The actor Daniel Massey who played Noel Coward in Star plays the officer in the guards. He comes off as a real simp running around with his umbrella and bowler hat and affecting that stiff upper lip character that every American thinks the British are born with.
It's hard to believe that a director like Michael Powell, who usually made interesting and unique films about England and English life could get involved in such a cliche ridden mess like this. Many of Powell's other films examined the British character with a lot more subtlety than this sloppy patriotic crap. This is an England that probably never existed except in the fantasy world of film.
This could have been one icky film. On remote Pacific Ocean island during World War II, a marine meets up with a nun who has been left behind during the Japanese invasion of that island. Robert Mitchum is the marine in all his manliness. Deborah Kerr is the nun who looks pretty good even completely covered in her habit.
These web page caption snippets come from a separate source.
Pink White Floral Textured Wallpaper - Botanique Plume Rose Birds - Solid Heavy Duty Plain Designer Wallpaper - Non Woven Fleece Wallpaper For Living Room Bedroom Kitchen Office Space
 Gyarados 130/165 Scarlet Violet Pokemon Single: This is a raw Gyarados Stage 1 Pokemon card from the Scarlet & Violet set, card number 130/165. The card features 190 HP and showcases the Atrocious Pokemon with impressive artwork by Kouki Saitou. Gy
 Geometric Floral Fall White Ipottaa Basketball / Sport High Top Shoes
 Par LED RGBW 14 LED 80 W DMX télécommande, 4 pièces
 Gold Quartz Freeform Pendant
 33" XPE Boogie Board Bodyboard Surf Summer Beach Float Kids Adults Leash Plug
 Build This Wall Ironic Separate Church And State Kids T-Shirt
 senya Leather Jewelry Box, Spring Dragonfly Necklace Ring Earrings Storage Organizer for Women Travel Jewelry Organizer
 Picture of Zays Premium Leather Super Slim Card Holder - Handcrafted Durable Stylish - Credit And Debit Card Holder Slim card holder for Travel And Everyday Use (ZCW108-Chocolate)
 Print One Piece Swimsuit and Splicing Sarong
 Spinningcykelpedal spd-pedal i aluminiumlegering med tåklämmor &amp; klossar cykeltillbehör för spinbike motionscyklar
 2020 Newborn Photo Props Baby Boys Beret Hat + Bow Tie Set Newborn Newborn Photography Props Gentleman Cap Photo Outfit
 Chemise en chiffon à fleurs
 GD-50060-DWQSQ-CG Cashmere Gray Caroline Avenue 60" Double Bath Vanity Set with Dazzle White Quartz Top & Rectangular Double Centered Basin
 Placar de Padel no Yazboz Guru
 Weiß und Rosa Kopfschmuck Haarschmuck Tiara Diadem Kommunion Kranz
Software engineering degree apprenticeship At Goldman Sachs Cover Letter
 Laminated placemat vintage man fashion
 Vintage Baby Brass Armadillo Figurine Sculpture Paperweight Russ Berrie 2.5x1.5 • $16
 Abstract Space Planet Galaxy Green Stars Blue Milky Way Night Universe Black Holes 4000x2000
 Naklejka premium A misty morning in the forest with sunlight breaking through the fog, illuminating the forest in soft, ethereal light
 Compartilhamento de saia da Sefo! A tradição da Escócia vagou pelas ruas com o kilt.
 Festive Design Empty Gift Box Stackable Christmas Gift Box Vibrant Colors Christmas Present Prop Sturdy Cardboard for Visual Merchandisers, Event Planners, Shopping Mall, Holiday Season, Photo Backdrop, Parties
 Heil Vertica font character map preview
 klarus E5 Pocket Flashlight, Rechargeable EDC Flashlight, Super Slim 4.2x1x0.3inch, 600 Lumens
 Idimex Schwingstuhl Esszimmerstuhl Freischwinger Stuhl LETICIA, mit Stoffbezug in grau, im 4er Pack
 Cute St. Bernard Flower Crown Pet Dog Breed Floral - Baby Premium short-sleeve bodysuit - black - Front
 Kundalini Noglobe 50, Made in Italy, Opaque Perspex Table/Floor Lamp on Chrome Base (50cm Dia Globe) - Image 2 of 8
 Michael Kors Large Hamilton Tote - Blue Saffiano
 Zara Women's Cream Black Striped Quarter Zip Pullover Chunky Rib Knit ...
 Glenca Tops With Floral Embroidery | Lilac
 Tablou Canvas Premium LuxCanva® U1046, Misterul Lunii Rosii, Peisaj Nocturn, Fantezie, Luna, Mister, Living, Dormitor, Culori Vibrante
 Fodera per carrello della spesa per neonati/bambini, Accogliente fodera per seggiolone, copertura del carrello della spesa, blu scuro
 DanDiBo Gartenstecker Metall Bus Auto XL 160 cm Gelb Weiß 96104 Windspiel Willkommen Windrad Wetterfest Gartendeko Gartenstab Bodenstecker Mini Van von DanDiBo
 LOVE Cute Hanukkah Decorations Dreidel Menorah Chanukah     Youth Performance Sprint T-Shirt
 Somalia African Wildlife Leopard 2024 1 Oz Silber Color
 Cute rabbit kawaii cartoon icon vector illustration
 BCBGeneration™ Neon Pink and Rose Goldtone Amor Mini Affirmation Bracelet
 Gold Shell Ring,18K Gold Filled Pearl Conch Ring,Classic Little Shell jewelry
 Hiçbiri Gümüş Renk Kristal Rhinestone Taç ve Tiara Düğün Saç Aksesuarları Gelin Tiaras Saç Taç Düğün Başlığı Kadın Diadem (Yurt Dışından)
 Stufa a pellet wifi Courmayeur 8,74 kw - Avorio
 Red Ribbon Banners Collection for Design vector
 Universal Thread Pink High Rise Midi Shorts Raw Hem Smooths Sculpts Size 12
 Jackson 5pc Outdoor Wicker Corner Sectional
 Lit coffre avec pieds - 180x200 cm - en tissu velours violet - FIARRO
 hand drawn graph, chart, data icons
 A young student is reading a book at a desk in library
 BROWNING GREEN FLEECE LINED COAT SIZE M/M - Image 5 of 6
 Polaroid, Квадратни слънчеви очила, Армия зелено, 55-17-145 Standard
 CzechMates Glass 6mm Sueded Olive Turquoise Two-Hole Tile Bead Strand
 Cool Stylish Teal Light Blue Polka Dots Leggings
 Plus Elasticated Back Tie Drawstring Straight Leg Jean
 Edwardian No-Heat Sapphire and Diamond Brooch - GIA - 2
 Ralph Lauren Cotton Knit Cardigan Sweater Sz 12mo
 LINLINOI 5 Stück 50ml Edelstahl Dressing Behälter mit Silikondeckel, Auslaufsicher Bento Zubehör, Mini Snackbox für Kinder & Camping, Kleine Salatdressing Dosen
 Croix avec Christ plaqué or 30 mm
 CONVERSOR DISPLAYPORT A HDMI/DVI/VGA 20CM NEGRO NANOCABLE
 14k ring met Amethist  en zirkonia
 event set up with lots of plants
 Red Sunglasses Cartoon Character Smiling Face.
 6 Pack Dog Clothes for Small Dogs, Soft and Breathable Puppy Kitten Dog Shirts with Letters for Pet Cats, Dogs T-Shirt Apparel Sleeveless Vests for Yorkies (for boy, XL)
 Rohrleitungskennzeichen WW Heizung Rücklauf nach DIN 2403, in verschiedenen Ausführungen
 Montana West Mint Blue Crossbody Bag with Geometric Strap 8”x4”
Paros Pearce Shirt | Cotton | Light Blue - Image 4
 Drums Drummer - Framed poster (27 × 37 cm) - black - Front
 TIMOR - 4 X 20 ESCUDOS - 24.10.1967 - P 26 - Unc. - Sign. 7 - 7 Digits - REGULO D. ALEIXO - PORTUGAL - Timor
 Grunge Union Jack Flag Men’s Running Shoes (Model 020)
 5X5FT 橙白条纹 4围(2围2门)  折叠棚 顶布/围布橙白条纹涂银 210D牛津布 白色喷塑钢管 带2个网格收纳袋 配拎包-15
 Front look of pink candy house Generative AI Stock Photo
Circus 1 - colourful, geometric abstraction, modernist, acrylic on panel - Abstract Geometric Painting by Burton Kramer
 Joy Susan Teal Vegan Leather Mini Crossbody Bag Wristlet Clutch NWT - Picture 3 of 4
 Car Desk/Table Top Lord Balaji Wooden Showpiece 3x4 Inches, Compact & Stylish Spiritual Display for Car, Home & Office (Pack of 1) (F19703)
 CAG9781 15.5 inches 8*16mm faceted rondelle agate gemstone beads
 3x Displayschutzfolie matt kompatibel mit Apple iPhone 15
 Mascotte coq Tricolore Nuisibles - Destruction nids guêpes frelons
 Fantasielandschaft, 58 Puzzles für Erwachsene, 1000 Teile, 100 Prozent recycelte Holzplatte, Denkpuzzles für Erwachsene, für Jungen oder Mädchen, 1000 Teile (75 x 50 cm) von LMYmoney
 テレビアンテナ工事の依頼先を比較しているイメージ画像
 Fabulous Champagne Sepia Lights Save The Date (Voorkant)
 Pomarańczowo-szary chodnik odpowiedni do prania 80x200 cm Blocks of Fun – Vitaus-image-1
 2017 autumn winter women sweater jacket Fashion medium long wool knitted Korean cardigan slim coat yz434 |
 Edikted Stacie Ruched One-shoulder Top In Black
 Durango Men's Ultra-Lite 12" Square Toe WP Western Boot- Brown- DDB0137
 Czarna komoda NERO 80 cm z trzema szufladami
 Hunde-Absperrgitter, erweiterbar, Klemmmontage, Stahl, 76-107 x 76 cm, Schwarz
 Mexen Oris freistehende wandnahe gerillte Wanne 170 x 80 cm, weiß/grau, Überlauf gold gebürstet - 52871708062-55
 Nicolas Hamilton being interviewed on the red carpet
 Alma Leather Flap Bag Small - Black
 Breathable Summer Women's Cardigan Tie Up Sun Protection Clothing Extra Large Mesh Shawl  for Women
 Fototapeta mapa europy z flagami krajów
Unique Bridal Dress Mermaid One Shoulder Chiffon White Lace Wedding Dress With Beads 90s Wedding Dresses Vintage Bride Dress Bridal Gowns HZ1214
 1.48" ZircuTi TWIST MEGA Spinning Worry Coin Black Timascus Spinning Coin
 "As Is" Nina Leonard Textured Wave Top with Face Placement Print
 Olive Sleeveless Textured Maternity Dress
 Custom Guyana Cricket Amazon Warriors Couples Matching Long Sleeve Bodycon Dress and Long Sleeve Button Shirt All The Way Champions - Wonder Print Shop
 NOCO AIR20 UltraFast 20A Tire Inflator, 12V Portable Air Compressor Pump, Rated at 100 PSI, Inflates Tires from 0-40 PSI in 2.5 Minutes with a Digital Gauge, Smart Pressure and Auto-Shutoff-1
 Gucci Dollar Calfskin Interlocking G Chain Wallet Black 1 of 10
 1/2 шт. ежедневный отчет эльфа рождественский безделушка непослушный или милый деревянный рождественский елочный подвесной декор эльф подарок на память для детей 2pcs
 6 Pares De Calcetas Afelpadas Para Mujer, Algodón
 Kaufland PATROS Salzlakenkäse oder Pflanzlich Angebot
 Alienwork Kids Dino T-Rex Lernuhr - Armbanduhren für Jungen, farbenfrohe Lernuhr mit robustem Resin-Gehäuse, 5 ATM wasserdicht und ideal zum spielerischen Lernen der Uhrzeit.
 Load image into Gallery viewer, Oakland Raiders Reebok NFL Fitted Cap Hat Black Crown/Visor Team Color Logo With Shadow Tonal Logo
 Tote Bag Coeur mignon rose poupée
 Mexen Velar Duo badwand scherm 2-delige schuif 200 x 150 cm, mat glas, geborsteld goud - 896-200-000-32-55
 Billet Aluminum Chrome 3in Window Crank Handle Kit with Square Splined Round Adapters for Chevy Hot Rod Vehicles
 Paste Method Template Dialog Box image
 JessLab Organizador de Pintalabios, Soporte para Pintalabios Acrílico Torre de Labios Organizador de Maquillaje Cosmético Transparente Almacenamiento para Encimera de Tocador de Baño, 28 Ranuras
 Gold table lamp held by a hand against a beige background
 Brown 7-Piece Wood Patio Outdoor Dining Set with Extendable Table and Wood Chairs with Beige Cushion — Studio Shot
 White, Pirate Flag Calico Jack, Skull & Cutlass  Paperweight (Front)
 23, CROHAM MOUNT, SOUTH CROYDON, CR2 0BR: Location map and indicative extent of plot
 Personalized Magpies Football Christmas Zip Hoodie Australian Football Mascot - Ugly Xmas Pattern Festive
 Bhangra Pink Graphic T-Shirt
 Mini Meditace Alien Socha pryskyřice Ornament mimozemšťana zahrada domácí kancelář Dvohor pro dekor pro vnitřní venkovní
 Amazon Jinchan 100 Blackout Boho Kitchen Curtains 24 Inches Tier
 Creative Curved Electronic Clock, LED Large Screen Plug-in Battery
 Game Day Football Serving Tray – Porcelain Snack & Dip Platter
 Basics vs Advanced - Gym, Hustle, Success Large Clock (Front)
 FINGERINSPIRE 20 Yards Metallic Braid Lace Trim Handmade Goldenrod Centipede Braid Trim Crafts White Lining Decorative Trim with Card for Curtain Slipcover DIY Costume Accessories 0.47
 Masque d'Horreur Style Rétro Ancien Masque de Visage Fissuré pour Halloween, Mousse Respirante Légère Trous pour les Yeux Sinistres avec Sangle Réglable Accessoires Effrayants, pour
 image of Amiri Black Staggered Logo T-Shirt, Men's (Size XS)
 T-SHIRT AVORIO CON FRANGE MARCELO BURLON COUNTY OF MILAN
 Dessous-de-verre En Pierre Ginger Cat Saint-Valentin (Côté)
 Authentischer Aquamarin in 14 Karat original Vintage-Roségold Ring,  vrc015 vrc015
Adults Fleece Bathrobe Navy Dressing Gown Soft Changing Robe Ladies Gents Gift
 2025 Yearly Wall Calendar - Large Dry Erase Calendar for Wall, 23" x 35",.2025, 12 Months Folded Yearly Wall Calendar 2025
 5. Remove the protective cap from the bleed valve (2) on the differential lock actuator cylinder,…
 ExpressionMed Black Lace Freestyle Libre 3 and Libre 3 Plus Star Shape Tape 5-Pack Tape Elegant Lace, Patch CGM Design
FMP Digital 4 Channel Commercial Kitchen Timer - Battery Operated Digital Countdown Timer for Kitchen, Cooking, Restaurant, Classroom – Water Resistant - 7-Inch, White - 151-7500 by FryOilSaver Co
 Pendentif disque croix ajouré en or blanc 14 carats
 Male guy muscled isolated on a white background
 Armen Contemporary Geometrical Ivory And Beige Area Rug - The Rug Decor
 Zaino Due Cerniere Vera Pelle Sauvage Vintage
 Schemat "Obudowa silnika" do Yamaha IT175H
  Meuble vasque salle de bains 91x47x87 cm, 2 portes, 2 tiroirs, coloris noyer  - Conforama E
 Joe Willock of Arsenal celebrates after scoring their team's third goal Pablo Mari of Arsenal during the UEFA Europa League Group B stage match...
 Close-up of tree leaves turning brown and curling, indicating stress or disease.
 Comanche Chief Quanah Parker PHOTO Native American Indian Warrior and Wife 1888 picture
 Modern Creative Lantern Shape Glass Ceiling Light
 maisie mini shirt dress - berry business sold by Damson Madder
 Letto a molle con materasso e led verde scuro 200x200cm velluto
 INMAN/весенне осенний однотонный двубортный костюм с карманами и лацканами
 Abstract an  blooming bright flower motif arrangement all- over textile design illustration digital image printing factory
Even though the film was shot in the 1950's there was still plenty of room for some subtle lascivious moments. However the director John Huston and his writer John Lee Mahin were a couple of pros who knew how to navigate around any potential tastelessness.The acting is very good. Robert Mitchum was an actor with a strong presence who was known to put down the acting profession with such statements as "Look, I have two kinds of acting. One on a horse and one off a horse. That's it." gave a very good performance as the marine. Deborah Kerr, was an English actor who was usually cast as some kind of upper class Anglo lady. However Kerr was always game to take on challenging roles. Mitchum payed her the ultimate complement by stating that she was the only leading lady he worked with that he didn't also sleep with.
The film was directed by old school filmmaker John Huston who kept the whole thing interesting and very entertaining.
106 minutes.
This early John Ford film doesn't have a lot of his special visual touches, it's mostly a straight up adventure story. During World War 1 the US Navy deploys "mystery ships," essentially decoy ships used to lure German submarines out into the open so the Navy could engage and sink them.
Ford and his favorite 1930's writer Dudey Nichols created a story about one of these ships that had a lot of Ford's favorite themes, the profession of arms, cornball navy humor and a stolid hero. The hero in this case is George O'Brien, an early version of the character John Wayne starting playing for Ford somewhat regularly in the 1940's through the 1960's.
This is a decent 30's action film with the usual somewhat poor film acting. Directors and actors were still trying to figure out how to modulate their performances in early sound films. Visually the scenes at sea are staged pretty well, the scenes on shore with the actors are somewhat an ordeal to sit through. A good early 30's action film.
90 minutes
Clocking in at over 2 hours this Cecil B. DeMille corn fest finally wears out it's welcome towards the last 20 or 30 minutes of the film. For all the subplots and characters in the film, the story has a "seen it all before" quality and seen it made a lot better by other people.
The cast is certainly unusual. The insufferable Betty Hutton is the female lead who manages to fall in love with two men. If there was one thing that Betty Hutton could never project as an actor that was sex appeal. If you needed a loud mouthed overbearing and clueless personality Hutton was the one to cast. Cornel Wilde is the trapeze artist who is a continental European Lothario in the best tradition of "B" movie screen lovers. His French accent is really terrible. Charlton Heston is the brooding circus manager. Heston wants to bring the circus to all the small towns of America but he is so intense and scary in his performance he would make an audience want to run to one of those new fangled outdoor drive in 50's movie theaters instead. In the supporting cast is one of the 50's hottest actors, Gloria Grahame who nobody seems to hit on much. I guess when you have Betty Hutton around why would you want Gloria Grahame. Finally there is James Stewart playing "Buttons a clown."